На крючке у старого зануды

Однажды он летел в самолете, а рядом сидела женщина и читала его роман. В случайном попутчике она не распознала известного писателя и в какой-то момент раздраженно захлопнула книгу, сунула ее с прочим мусором в карман на спинке впередистоящего кресла и отвернулась к иллюминатору. Впоследствии Джон Ирвинг не раз с гордостью вспоминал об этом случае. Потому что лишать покоя, выбивать читателей из душевного равновесия он любит не меньше, чем рассказывать истории. И то, и другое у него, надо сказать, получалось всегда.

©

1

Ежегодно романы Ирвинга переиздаются многотысячными тиражами в десятках стран. Несмотря на то, что пишет он медленно, а потому каждую новую книгу приходится ждать годами, интерес к его прошлым работам не ослабевает. Россия в данном случае не исключение. Несколько месяцев назад в издательстве «Иностранка» вышло очередное переиздание его самого известного романа «Мир глазами Гарпа».

Сам Ирвинг не любит оценочной системы и говорит, что «Гарп» ничем не отличается от любой другой его книги; что среди его романов нет такого, которому он отдавал бы наибольшее предпочтение. «Если вам понравился один из моих романов, скорее всего, вы прочтете и остальные», — он так часто повторял эту фразу во время всевозможных интервью, что она стала чем-то вроде мантры.
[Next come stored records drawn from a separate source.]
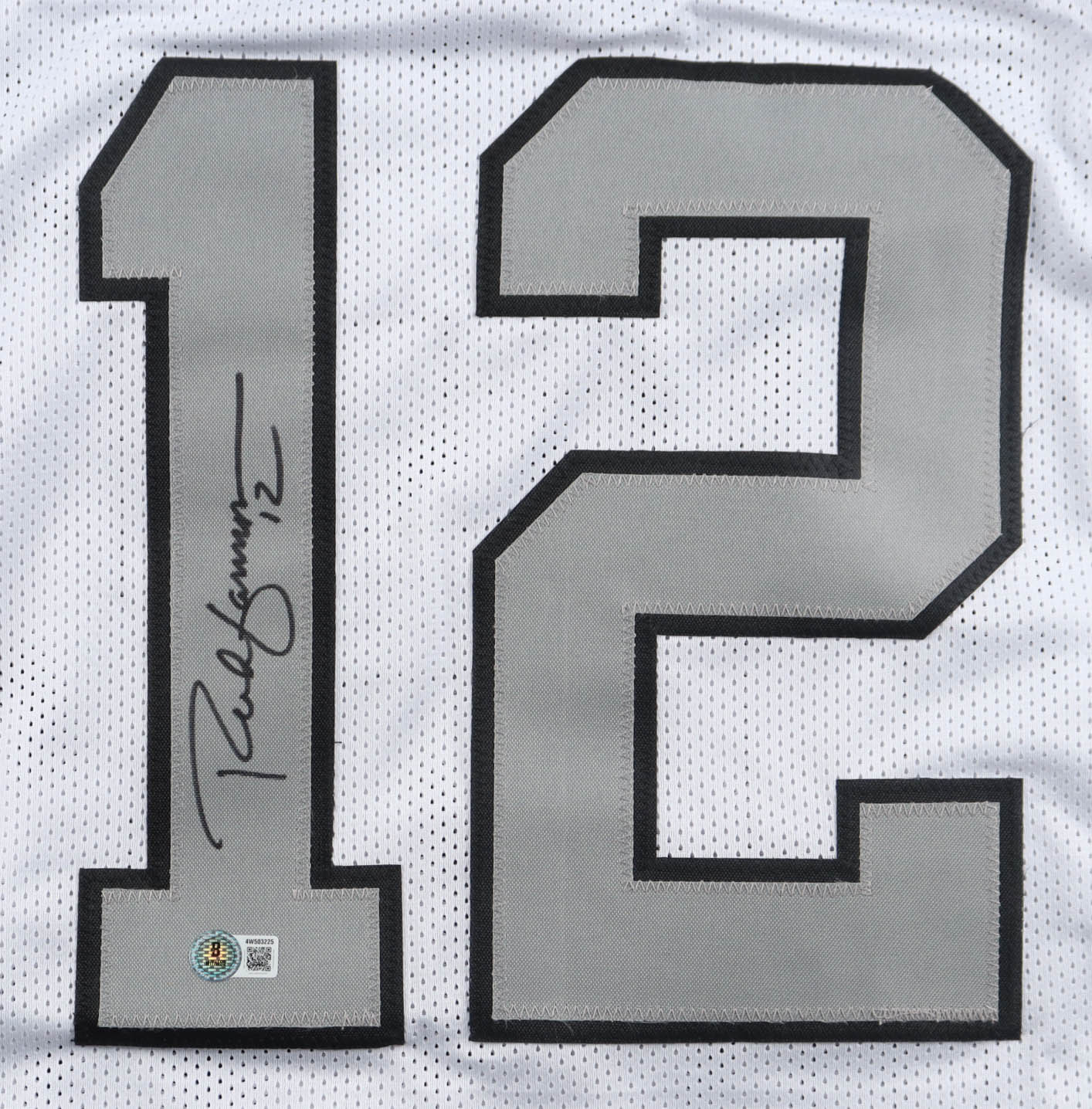 Rich Gannon Signed Jersey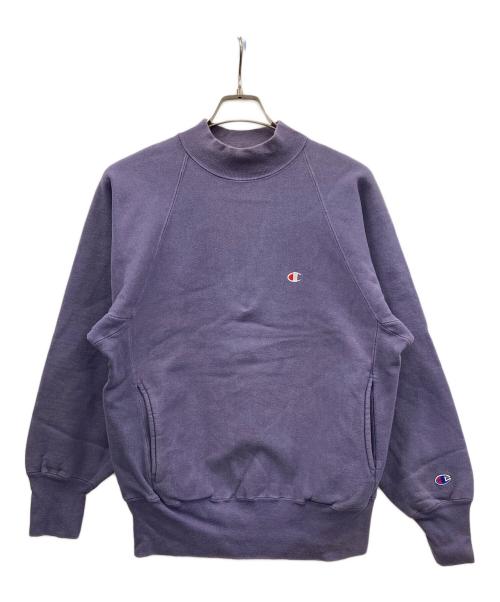 Champion（チャンピオン）Champion (チャンピオン) 90s リバースウィーブスウェット パープル サイズ:Mの古着・服飾アイテム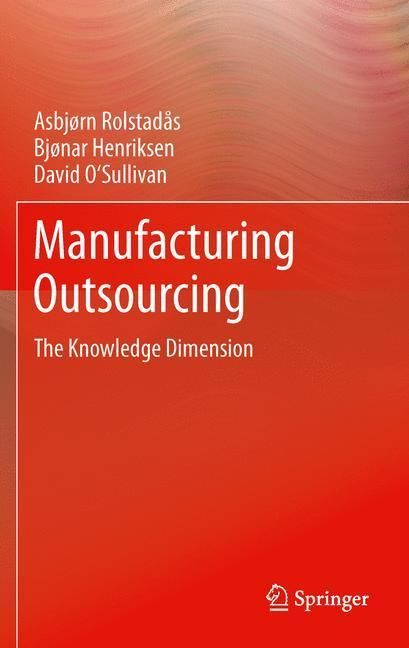 Produktbild: Manufacturing Outsourcing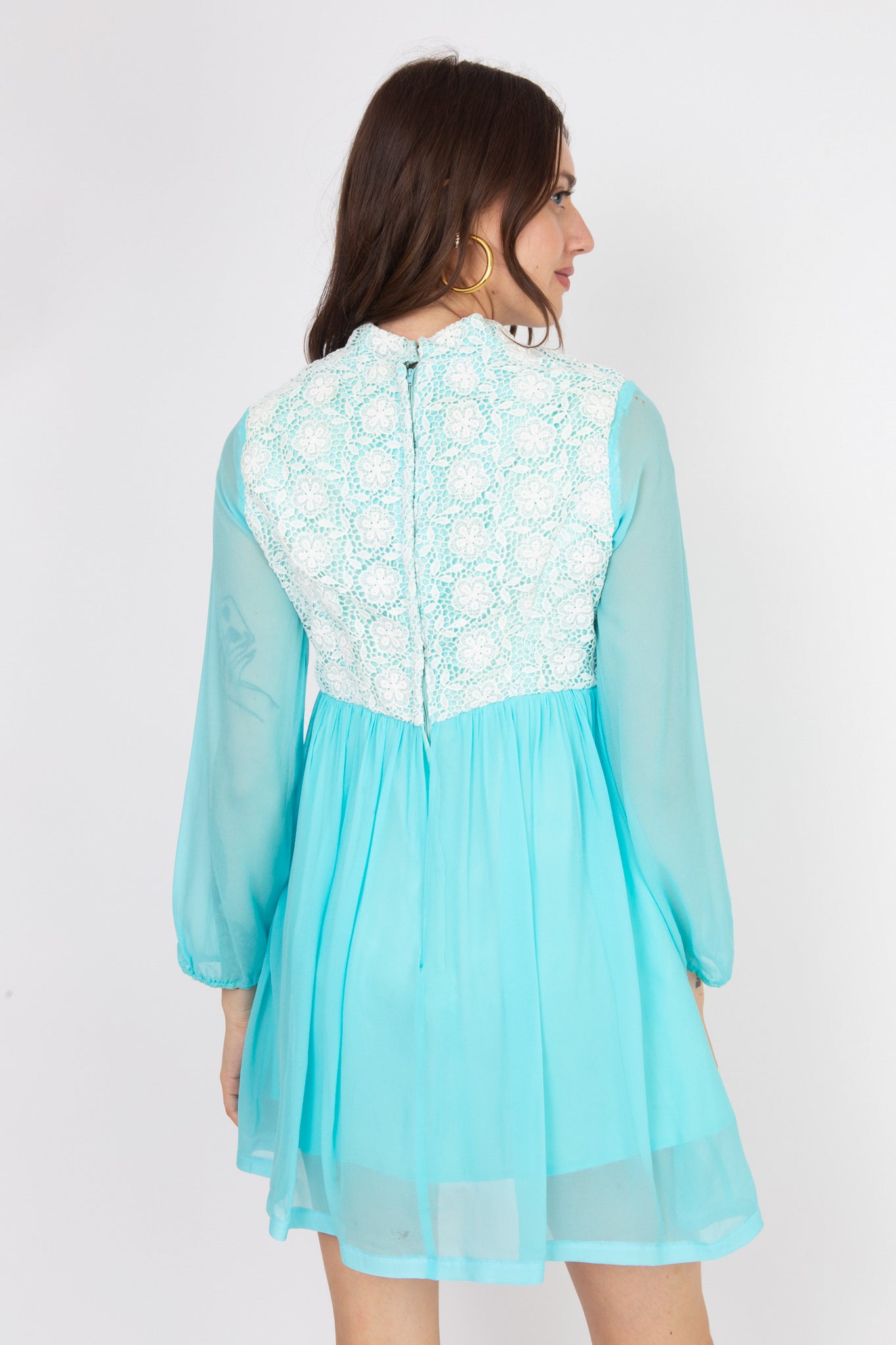 Calliope Chiffon Mini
Но это утверждение не совсем справедливо. Потребность в новой дозе возникает даже у тех, кто дочитывает его книги с трудом, закрывает с облегчением и обещает себе больше никогда к этому писателю не возвращаться. Проходит несколько месяцев, и вот самый строптивый читатель стоит у кассы книжного магазина и расплачивается за очередной роман.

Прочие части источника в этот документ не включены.